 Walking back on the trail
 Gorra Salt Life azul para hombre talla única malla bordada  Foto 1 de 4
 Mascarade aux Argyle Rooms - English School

· · · · · · ·

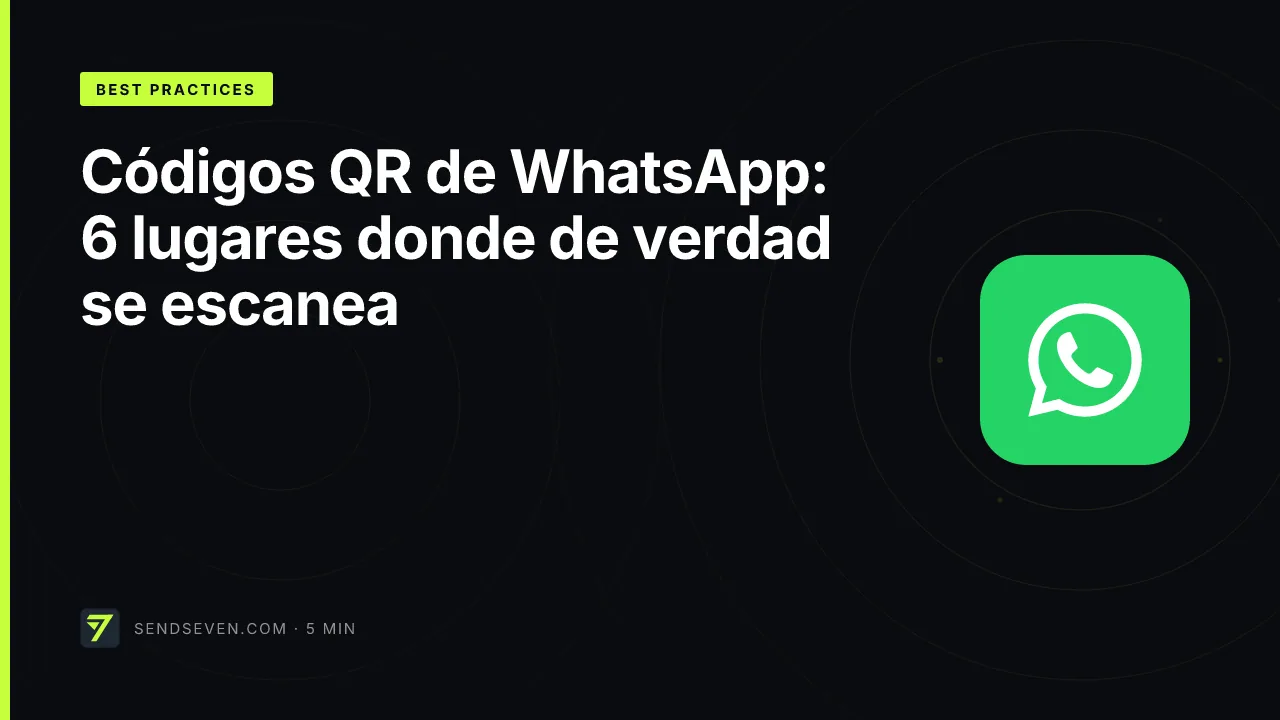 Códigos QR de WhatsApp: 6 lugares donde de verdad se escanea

· · · · · · ·

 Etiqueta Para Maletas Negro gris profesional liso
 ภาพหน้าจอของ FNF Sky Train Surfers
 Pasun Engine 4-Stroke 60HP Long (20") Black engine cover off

· · · · · · ·

### TASK DESCRIPTION
From the entries above, extract only the lines running from the one containing "Walking back on the trail" through the one containing "Mascarade aux Argyle Rooms - English School", inclusive.

### WRITTEN ANSWER
 Walking back on the trail
 Gorra Salt Life azul para hombre talla única malla bordada  Foto 1 de 4
 Mascarade aux Argyle Rooms - English School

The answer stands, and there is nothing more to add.